Part of Advances in Neural Information Processing Systems 32 (NeurIPS 2019)
Ivan Stelmakh, Nihar Shah, Aarti Singh
We consider the issue of biases in scholarly research, specifically, in peer review. There is a long standing debate on whether exposing author identities to reviewers induces biases against certain groups, and our focus is on designing tests to detect the presence of such biases. Our starting point is a remarkable recent work by Tomkins, Zhang and Heavlin which conducted a controlled, large-scale experiment to investigate existence of biases in the peer reviewing of the WSDM conference. We present two sets of results in this paper. The first set of results is negative, and pertains to the statistical tests and the experimental setup used in the work of Tomkins et al. We show that the test employed therein does not guarantee control over false alarm probability and under correlations between relevant variables, coupled with any of the following conditions, with high probability can declare a presence of bias when it is in fact absent: (a) measurement error, (b) model mismatch, (c) reviewer calibration. Moreover, we show that the setup of their experiment may itself inflate false alarm probability if (d) bidding is performed in non-blind manner or (e) popular reviewer assignment procedure is employed.
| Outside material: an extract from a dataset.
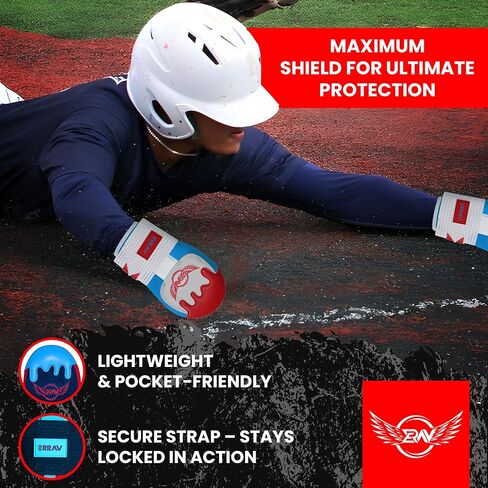 Sliding Mitt Youth, Baseball Softball Sliding Gloves for Youth Adult, Neoprene Baseball Sliding mitt, Hand Wrist Protective Baseball Hand Guard Elastic Compression Strap (Blue&Red) in Saudi Arabia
Our second set of results is positive, in that we present a general framework for testing for biases in (single vs. double blind) peer review. We then present a hypothesis test with guaranteed control over false alarm probability and non-trivial power even under conditions (a)--(c). Conditions (d) and (e) are more fundamental problems that are tied to the experimental setup and not necessarily related to the test.